- _Directions_
Using the entries below, write out the line with "Papel Pintado Resumen", the line with "Judaism Hebrew Inscribed", and every line in between, exactly as each is written.

Extracted records:
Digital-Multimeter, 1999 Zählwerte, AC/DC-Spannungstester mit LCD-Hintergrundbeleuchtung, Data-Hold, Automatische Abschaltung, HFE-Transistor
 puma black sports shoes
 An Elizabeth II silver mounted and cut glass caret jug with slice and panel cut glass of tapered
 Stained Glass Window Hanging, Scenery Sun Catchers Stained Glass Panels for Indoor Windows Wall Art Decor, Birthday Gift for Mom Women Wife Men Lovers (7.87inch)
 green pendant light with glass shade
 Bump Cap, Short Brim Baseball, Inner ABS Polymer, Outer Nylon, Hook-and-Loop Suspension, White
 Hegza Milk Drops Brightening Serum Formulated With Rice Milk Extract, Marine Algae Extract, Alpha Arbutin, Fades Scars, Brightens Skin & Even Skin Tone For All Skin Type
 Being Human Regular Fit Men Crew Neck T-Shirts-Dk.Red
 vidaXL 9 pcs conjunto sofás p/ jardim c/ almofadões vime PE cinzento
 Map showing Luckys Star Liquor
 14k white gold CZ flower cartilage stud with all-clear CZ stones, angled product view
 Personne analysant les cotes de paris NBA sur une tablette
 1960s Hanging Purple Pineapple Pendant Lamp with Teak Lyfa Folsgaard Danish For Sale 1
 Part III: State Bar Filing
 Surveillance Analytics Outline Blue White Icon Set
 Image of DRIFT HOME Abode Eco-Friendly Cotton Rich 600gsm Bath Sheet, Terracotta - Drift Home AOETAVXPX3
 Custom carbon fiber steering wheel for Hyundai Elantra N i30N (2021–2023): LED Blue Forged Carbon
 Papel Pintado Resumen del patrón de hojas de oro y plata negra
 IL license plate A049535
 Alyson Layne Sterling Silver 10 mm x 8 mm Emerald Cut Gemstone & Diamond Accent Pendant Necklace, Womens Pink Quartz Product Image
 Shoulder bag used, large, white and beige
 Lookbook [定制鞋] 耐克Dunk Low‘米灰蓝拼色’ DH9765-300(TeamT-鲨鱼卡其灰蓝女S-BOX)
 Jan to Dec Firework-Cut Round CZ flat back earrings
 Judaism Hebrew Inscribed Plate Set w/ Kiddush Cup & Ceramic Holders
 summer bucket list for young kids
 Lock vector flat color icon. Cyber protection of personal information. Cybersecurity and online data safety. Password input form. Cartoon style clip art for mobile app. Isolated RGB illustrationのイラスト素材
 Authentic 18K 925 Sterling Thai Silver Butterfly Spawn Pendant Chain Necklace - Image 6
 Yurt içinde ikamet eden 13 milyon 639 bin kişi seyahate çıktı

- _Solution to the problem_
 Papel Pintado Resumen del patrón de hojas de oro y plata negra
 IL license plate A049535
 Alyson Layne Sterling Silver 10 mm x 8 mm Emerald Cut Gemstone & Diamond Accent Pendant Necklace, Womens Pink Quartz Product Image
 Shoulder bag used, large, white and beige
 Lookbook [定制鞋] 耐克Dunk Low‘米灰蓝拼色’ DH9765-300(TeamT-鲨鱼卡其灰蓝女S-BOX)
 Jan to Dec Firework-Cut Round CZ flat back earrings
 Judaism Hebrew Inscribed Plate Set w/ Kiddush Cup & Ceramic Holders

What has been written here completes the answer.